The official trailer for ROGUE ONE: A Star Wars Story. The pluses is that we’re seeing the Star Wars universe with NO hint of the Skywalker Clan as main characters in the story… which after 7 films that story element has worn extremely thin (and we have two more films to go).
The minuses… it’s a story about the Death Star, which makes the fourth film to deal with a similar type of planetary menacing weapon. And since this is obviously about the mission that leads into getting the stolen data tapes into Princess Leia’s hands, so she can upload them into R2-D2 to kick off STAR WARS: A NEW HOPE.
Another plus! Forest Whitaker. Not since LAST KING OF SCOTLAND have I been more excited to see him in a film. He adds a quality to his universe that we haven’t seen… sure, Samuel L. Jackson was in the misbegotten prequels, but he doesn’t fit into this kind of universe. Whitaker elevates every scene he’s in, and when he’s not the star he brings nuance and energy and gravitas like only a rare few can do.
Another minus… the visual “lens”; just once would I like to see a Star Wars film executed with the directorial panache of an “artiste”; yeah, that sounds pretentious as fuck, but you know what I’m getting at here.

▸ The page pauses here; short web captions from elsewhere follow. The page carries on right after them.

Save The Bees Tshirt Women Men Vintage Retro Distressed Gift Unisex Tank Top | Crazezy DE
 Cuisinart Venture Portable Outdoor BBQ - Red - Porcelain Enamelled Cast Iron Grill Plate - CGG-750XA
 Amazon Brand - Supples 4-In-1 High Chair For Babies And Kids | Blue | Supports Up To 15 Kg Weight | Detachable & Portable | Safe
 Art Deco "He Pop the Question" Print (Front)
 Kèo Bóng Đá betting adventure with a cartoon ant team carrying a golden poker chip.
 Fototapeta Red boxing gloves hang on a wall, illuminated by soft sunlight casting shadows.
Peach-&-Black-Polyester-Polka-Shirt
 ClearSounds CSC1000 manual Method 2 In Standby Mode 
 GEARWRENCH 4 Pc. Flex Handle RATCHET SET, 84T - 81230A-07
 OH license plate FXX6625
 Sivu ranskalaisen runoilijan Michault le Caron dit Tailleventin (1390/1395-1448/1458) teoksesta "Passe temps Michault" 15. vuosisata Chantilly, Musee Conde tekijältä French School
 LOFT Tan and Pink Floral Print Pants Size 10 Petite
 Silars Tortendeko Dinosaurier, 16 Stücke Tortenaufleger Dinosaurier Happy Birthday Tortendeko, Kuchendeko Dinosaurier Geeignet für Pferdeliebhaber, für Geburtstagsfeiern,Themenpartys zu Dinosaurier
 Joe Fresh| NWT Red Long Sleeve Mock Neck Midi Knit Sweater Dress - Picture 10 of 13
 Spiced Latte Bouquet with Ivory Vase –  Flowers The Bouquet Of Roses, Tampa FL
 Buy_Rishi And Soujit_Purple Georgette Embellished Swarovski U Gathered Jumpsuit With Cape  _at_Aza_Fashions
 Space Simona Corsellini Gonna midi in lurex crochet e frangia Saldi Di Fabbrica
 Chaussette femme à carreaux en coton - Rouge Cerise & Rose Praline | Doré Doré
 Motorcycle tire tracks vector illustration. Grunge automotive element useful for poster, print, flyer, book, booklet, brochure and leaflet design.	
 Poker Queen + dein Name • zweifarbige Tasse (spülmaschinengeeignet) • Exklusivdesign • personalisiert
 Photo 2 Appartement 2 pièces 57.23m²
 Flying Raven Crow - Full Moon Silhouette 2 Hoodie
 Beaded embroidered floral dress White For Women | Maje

Guys like the late, great Tony Scott or Danny Boyle or Steven Soderbergh never get a shot at directing a franchise film because they parameters of the franchise are too constricting to their director’s voice, and the producers and studio have the fiduciary obligation to cherish the franchise, to deliver these exact replicas of what made the franchise a franchise in the first place. But if these guys (or girls) were given the reins, it would be like the best fan fiction imaginable…
So Christmas this year… I guess all the other movie studios are going to concede December and April to Disney for the next 5 years (consider the Star Wars Film and the Marvel films). It’s probably a good time to buy Disney stock.